Picture an Olympic athlete standing on the winners’ podium waving the flag of her city, rather than her country.

That was the image Bruce Stanley, provost and professor of Huron University in London, used as an example of a changing globe Wednesday afternoon during a forum hosted by the International Program Office.

Stanley, who teaches international relations at Huron University, presented the idea that power is shifting away from countries to other entities like cities.

“The world is going in such a way that we will have multiple identities,” Stanley said. “The kind of a national box is breaking down.”

His lecture presented the idea that there are global cities that mainly operate independently of their countries like London, New York and Tokyo, describing the shift in global organization as “post-national.”

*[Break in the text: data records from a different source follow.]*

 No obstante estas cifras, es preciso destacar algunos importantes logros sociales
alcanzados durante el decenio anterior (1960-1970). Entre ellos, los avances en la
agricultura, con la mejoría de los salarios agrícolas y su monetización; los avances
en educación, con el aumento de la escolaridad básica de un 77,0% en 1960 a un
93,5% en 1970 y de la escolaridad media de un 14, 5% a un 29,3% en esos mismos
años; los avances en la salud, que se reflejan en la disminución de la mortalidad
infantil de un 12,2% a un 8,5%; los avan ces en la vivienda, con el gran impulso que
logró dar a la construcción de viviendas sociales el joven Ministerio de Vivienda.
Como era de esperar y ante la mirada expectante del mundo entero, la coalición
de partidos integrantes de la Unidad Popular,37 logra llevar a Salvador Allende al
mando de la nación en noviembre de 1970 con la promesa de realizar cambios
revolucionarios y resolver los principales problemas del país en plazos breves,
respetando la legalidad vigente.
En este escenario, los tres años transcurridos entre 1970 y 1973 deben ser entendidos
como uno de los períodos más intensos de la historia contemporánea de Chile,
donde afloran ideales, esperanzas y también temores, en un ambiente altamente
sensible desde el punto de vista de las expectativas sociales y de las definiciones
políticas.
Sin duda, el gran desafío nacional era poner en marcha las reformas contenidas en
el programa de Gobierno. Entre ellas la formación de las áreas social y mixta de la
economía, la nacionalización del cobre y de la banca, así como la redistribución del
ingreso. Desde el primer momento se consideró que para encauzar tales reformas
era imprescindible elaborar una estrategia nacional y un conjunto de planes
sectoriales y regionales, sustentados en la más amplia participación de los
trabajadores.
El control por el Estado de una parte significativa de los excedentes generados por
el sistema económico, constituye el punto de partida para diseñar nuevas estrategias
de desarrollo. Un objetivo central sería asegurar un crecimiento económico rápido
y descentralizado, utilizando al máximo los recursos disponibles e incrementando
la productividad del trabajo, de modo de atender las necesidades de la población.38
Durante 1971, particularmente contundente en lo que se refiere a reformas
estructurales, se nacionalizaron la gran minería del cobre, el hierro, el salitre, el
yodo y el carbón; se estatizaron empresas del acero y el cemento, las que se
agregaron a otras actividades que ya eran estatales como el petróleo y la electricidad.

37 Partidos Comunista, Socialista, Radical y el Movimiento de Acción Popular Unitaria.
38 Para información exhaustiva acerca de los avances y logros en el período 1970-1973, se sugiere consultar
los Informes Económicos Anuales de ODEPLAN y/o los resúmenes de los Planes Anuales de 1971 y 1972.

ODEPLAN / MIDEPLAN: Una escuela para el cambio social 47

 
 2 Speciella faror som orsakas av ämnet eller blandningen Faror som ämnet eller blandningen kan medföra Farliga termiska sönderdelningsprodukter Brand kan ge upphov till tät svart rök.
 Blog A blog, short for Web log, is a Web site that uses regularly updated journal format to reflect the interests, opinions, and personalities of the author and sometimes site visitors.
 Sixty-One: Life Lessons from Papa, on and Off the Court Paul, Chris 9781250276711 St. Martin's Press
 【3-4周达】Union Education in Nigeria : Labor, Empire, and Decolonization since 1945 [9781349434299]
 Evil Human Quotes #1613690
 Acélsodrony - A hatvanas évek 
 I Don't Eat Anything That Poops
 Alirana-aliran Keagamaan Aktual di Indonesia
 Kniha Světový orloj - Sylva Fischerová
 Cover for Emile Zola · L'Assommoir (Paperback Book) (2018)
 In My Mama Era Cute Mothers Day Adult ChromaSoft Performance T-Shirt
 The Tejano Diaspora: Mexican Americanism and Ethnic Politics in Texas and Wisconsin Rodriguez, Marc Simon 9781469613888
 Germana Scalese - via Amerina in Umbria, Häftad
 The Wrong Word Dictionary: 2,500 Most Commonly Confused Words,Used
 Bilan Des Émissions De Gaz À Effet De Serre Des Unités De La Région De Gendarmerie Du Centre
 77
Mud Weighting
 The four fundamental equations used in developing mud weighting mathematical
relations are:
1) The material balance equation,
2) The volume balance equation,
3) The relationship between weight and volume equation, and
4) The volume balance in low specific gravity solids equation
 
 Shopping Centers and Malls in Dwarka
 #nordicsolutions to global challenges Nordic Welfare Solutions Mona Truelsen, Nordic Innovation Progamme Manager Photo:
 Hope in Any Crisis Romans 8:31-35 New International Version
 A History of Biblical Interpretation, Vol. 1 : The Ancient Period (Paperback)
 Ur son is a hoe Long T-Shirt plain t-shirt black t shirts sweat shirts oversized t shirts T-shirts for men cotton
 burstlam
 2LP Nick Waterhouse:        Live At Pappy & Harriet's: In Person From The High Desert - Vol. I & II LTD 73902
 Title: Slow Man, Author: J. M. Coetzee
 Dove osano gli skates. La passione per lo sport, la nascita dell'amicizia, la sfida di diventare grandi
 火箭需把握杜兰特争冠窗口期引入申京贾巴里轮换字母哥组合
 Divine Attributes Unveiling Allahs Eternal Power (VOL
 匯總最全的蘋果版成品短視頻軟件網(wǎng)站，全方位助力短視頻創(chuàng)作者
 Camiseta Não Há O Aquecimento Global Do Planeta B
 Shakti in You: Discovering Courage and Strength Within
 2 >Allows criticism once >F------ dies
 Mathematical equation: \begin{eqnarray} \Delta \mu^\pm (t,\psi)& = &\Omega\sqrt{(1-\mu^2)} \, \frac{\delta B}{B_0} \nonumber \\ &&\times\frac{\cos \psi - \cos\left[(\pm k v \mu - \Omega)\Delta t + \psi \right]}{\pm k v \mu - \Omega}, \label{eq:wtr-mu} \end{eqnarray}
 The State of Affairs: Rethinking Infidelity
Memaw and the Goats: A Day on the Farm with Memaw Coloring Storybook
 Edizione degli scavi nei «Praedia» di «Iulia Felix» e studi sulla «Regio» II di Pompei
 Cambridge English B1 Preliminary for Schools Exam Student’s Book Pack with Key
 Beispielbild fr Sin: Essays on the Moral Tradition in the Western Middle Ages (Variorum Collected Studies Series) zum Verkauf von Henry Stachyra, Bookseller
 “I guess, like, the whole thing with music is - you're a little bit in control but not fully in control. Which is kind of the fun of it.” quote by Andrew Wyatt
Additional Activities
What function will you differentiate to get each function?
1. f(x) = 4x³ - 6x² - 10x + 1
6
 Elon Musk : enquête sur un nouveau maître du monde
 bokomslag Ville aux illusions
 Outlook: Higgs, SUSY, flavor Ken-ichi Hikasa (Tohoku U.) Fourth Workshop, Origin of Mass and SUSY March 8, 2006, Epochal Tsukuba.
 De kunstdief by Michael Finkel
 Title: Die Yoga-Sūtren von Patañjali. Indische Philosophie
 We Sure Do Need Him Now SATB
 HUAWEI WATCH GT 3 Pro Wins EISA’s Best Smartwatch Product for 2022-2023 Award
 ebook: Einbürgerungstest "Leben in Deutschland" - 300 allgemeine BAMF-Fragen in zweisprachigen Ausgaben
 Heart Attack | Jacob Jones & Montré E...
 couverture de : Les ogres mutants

“The argument can be made that states are less important than they have been in the past,” Stanley said. “State-centric framing misses much of the global political economy.”

Cities used to be seen more as foundations and organizations of society, but somewhere along the line power transferred to states. Stanley says the power is starting to shift back.

“There is this network of cities in which the states are based,” he said.

And cities want to be recognized as global cities and hubs of global interaction. They work to be accessible and appealing to more than the immediate geography around them.

“We’ve got to have two Hilton’s because that’s what the people want,” is the ideology of the global cities, Stanely said. “The concept of political space seems to be changing, and how it is organized geographically.”

The United Nations is looking to global cities as a development strategy of connecting the cities. Many cities are connecting with sister-cities to foster development and help work on similar issues like parking problems or post-conflict development.

Amber Parker, a junior sociology major attended the lecture for her social strategies class where they had been discussing the issue.

“The most interesting thing for me was the major cities around the world,” she said. She was surprised that Frankfurt, Germany made one version of the list because of its social services. She said the whole concept of global cities was a different way of looking at the world.

“I guess it could happen, but we’d have to have more major cities around.”

Robert Augustine, dean of the Graduate School related to what Stanley had to say because international students at Eastern had trouble getting to Charleston at the beginning of the year because of terror issues in London that interfered with flights.

“We saw how London literally controlled access to Charleston on the global world,” Augustine said.

He was surprised when Stanley mentioned the idea of New Yorkers having passports from the city rather than from the United States.

“I had never thought about having something like that for your city,” he said.